Most of Ethiopia’s print, television, and radio outlets are state-controlled, and the few private print media often self-censor their coverage of politically sensitive issues for fear of being shut down.
The six independent print publications that closed in 2014 did so after a lengthy campaign of intimidation that included documentaries on state-run television that alleged the publications were linked to terrorist groups. The intimidation also included harassment and threats against staff, pressure on printers and distributors, regulatory delays, and eventually criminal charges against the editors. Dozens of staff members went into exile. Three of the owners were convicted under the criminal code and sentenced in absentia to more than three years in prison. The evidence the prosecution presented against them consisted of articles that criticized government policies.
While the plight of a few high-profile Ethiopian journalists has become widely known, dozens more in Addis Ababa and in rural regions have suffered systematic abuses at the hands of security officials.
The threats against journalists often take a similar course.
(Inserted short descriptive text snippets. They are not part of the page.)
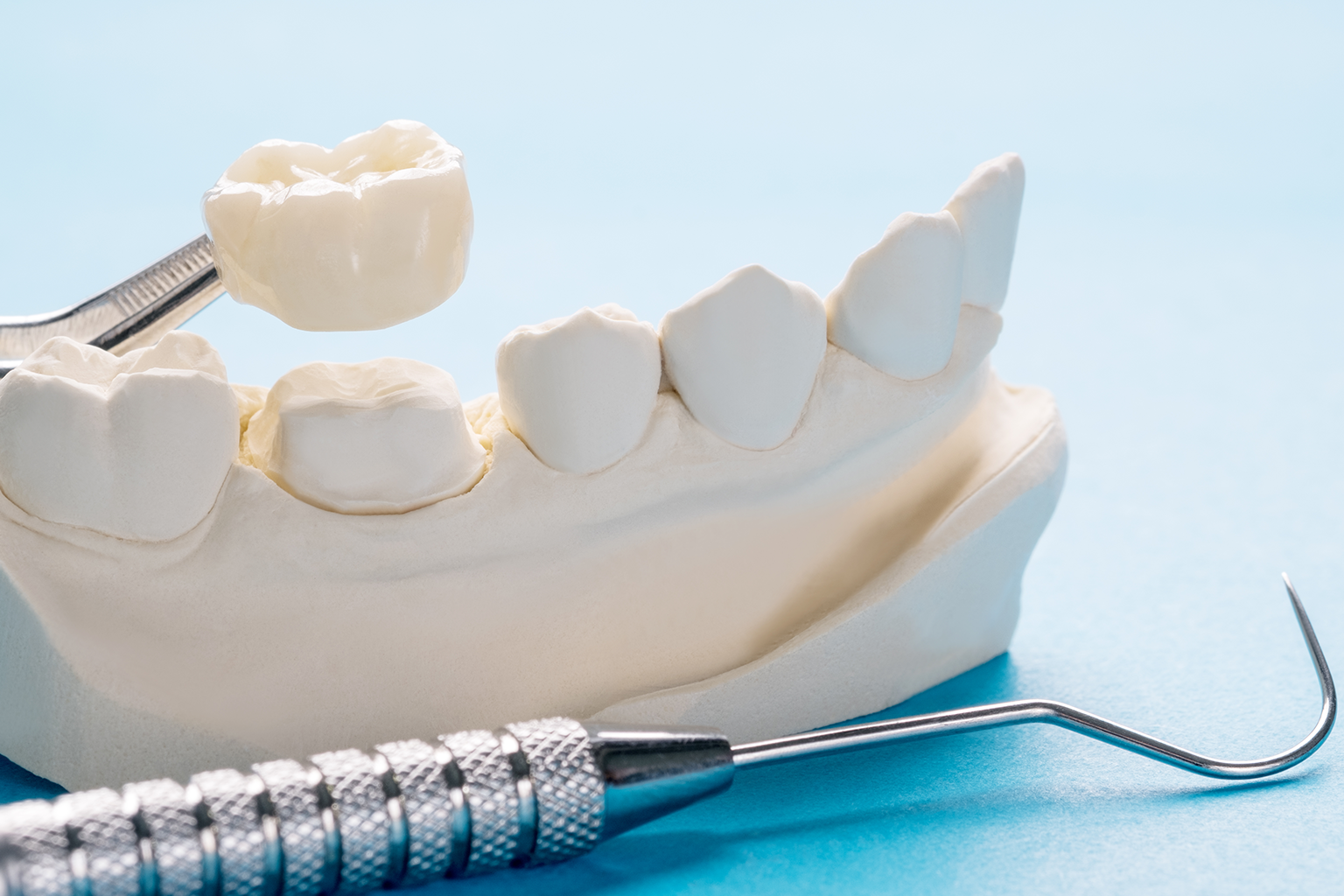 dental tool placing dental crown onto jaw model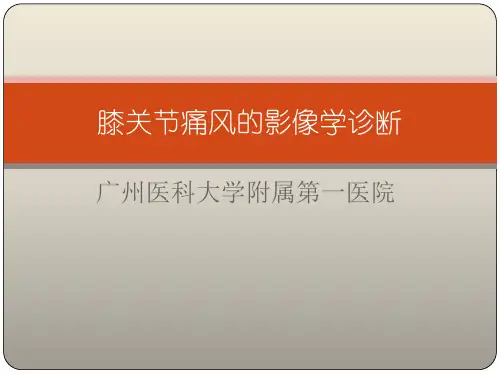 膝关节痛风的影像学诊断参考PPT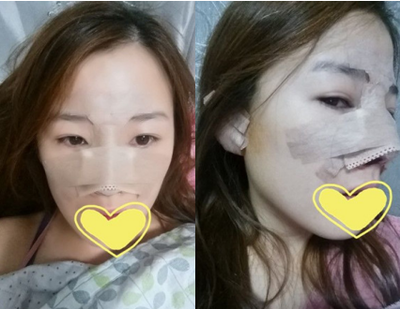 哪里自体隆鼻效果好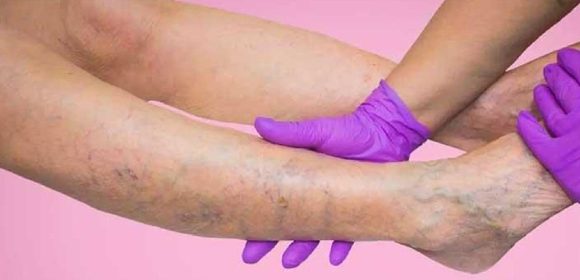 Mencegah Varises dengan Olahraga Tips dari Spesialis Kesehatan Mencegah Varises dengan Olahraga Tips dari Spesialis Kesehatan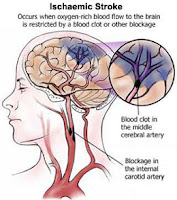 7 Gejala Stroke Iskemik 7 Gejala Stroke Iskemik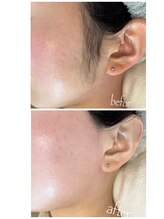 フェイス(Faith)/お顔シュガーリング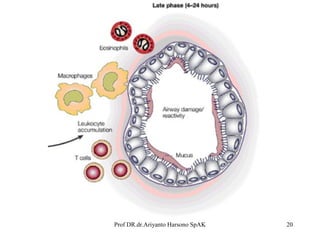 Prof DR.dr.Ariyanto Harsono SpAK

20

 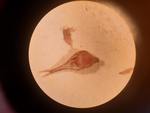 Achene of Carex sphaerogyna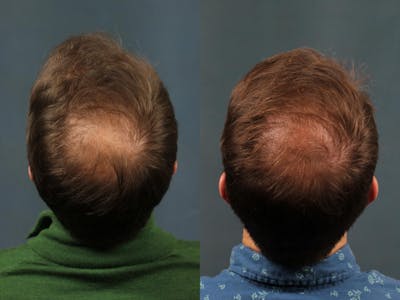 Hair Transplant Before & After Gallery - Patient 866663 - Image 1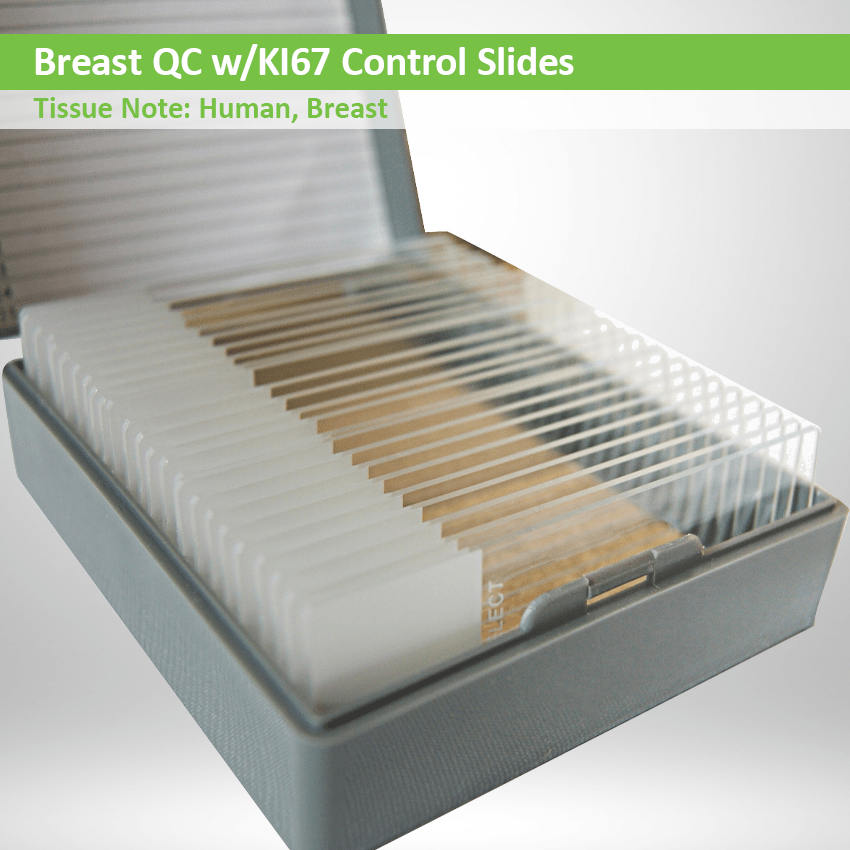 Breast QC with KI67 Control Slide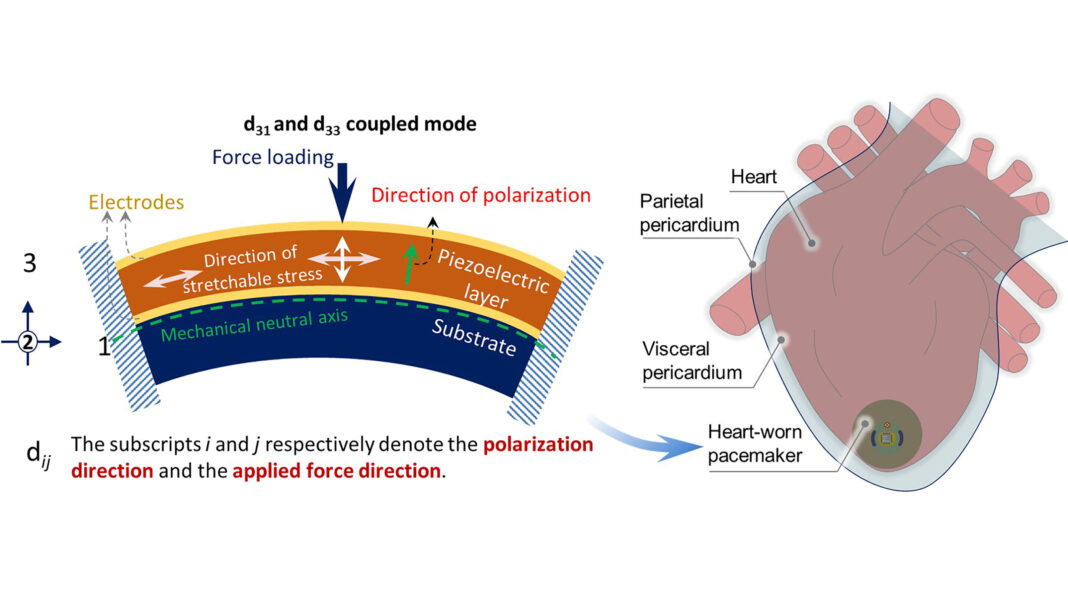 Researchers showcase concept of batteryless pacemaker powered by heart's energy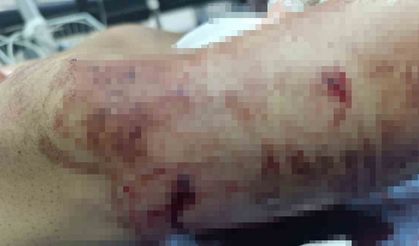 ayının saldırdığı çocuk yaralandı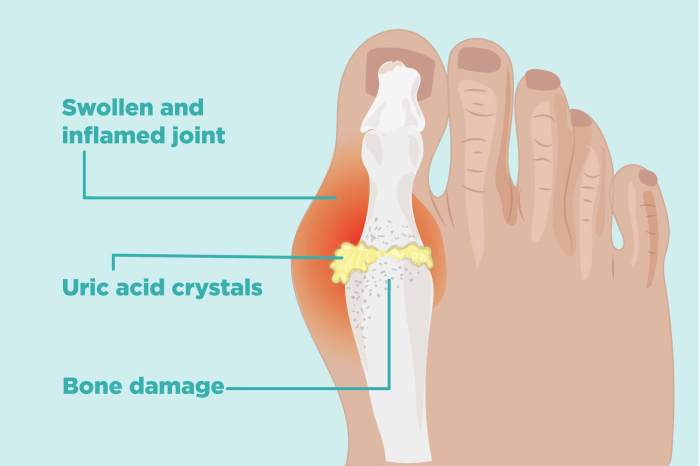 Gout tophi tophus what is it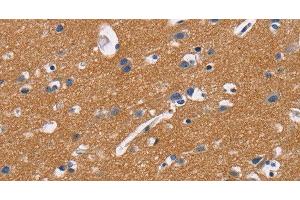 Immunohistochemistry of paraffin-embedded Human brain tissue using CD47 Polyclonal Antibody at dilution 1:50 (CD47 anticorps)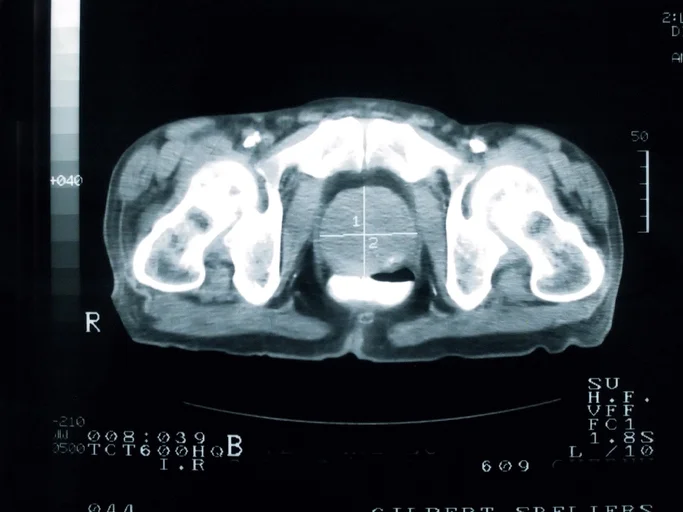 The Most Promising And Recent Break Throughs In Treating Prostate Cancer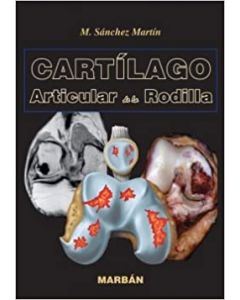 Cartilago Articular De La Rodilla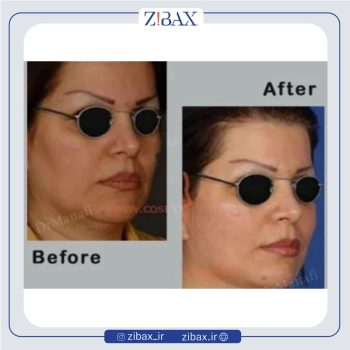 جراحی بینی با دکتر علی منافی در تهران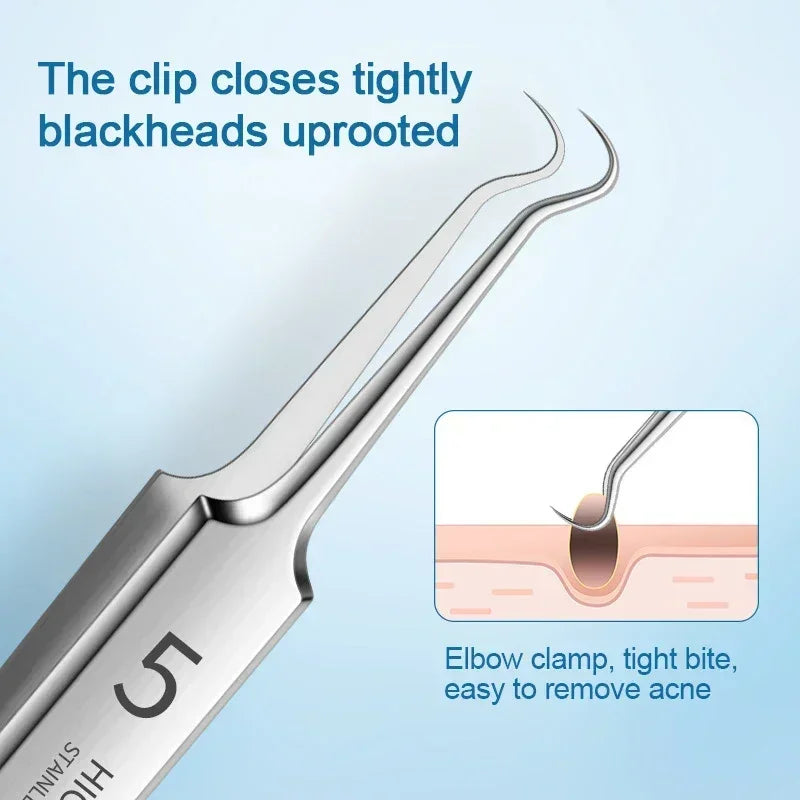 Stainless steel blackhead removal tool with tight clip for uprooting blackheads and acne extraction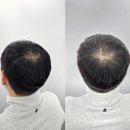 헤드샷스칼프SMP부산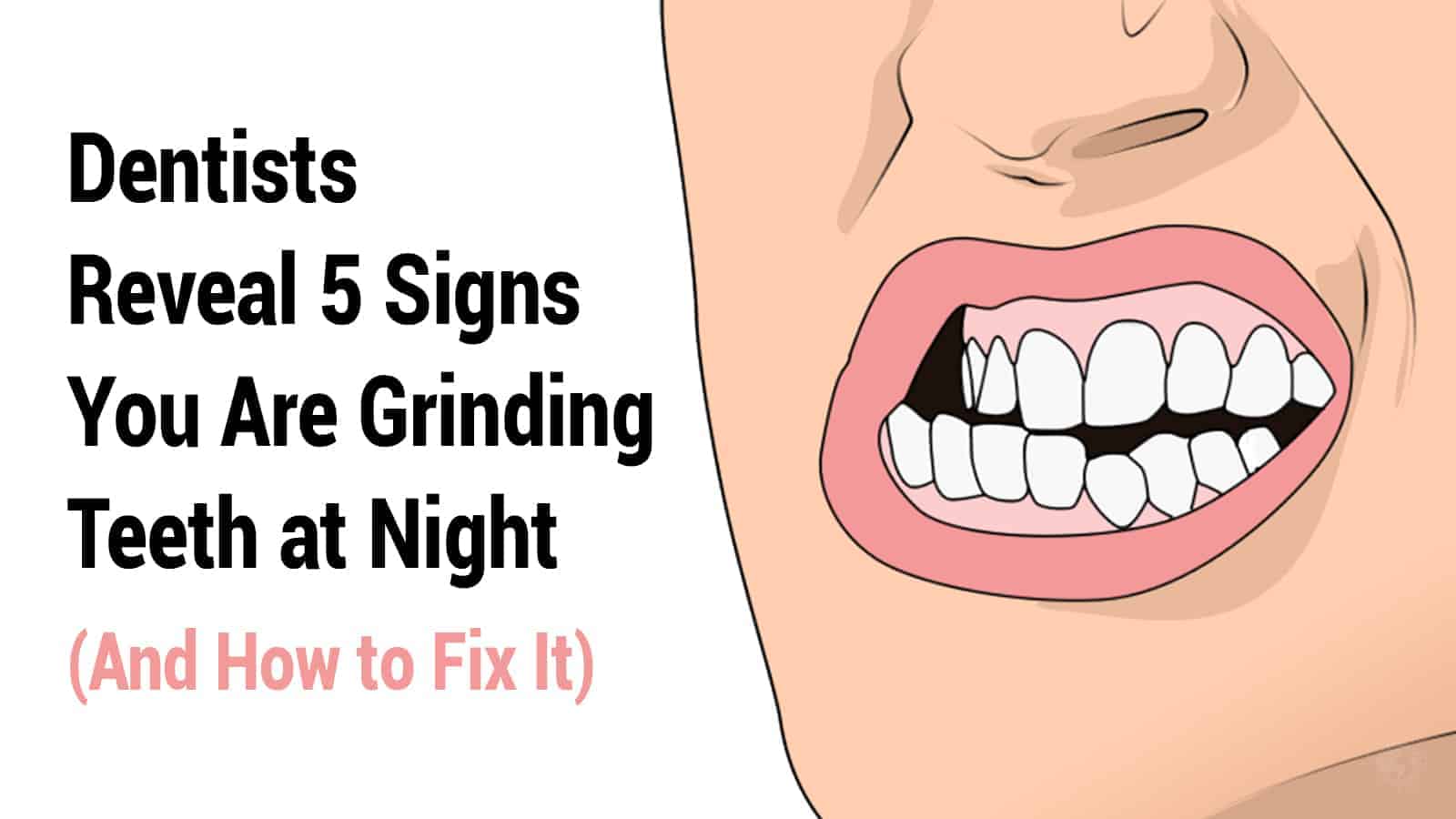 Dentists Reveal 5 Signs You Are Grinding Teeth at Night (And How to Fix It)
Journalists who publish a critical article might receive threatening telephone calls, text messages, and visits from security officials and ruling party cadres. Some said they received hundreds of these threats. If this does not silence them or intimidate them into self-censorship, then the threats intensify and arrests often follow. The courts have shown little or no independence in criminal cases against journalists who have been convicted after unfair trials and sentenced to lengthy prison terms, often on terrorism-related charges.
“Muzzling independent voices through trumped-up criminal charges and harassment is making Ethiopia one of the world’s biggest jailers of journalists,” Lefkow said. “The government should immediately release those wrongly imprisoned and reform laws to protect media freedom.”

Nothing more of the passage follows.